![alt text](images/HDAT9500Banner.PNG)
<br>

# Chapter 4: Tree Based Methods

# Demostration: Random Forest


# 1. Introduction

In this exercise, we will introduce Random Forest and run an example.


## 1.1. Aims of the Exercise:
 1. To demonstrate how Random Forest Trees are build, following an example of Book 1.

 
It aligns with all the learning outcome of our course: 

1.	Distinguish a range of task specific machine learning techniques appropriate for Health Data Science.
2.	Design machine learning tasks for Health Data Science scenarios.
3.	Construct appropriate training and test sets for health research data.


# 2. Random Forests

Random Forests, like Gradient Boosted Decision Trees, are ensembles of decision trees. Random forests address the issue of overfitting present in decision trees. 
> *A random forest is essentially a collection of decision trees, where each tree is slightly different from the others. The idea behind random forests is that each tree might do a relatively good job of predicting, but will likely overfit on part of the data. If we build many trees, all of which work well and overfit in different ways, we can reduce the amount of overfitting by averaging their results.*
>
> Introduction to Machine Learning with Python, page 83.

The way to ensure that the trees are slightly different is to introduce some randomness into the model. This is also where Random Forests derive their name. There are two methods of introducing randomness. For each tree, we:
* Randomly sample the data points used to train the tree. This is achieved by taking a *bootstrap sample* of the data.
* Randomly select a subset of the total feature space used to train the tree. Rather than using the whole feature space to find a test for each node, **at each node** we randomly select a subset of the features, and look for the best test involving one of these sampled features. The number of features that are selected is controlled by the max_features parameter.

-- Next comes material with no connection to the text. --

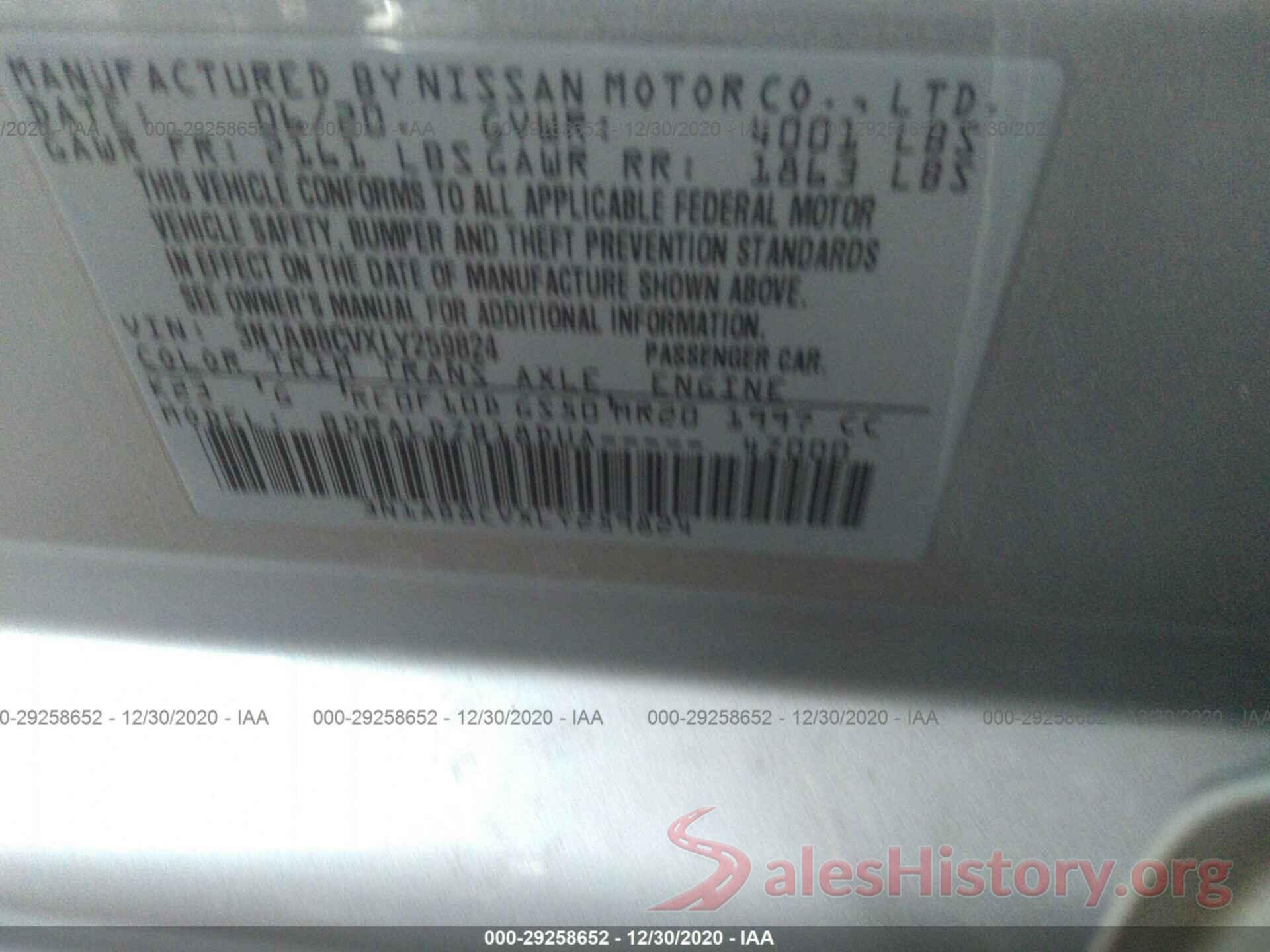 3N1AB8CVXLY259824 2020 NISSAN SENTRA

Please note that this selection of a subset of features is repeated separately in each node, so that each node *within a tree* can make a decision using a different subset of the features.

The bootstrap sampling leads to each decision tree in the random forest being built on a slightly different dataset. Because of the selection of features in each node, each split in each tree operates on a different subset of features. Together, these two randomisations ensure that all the trees in the random forest are different.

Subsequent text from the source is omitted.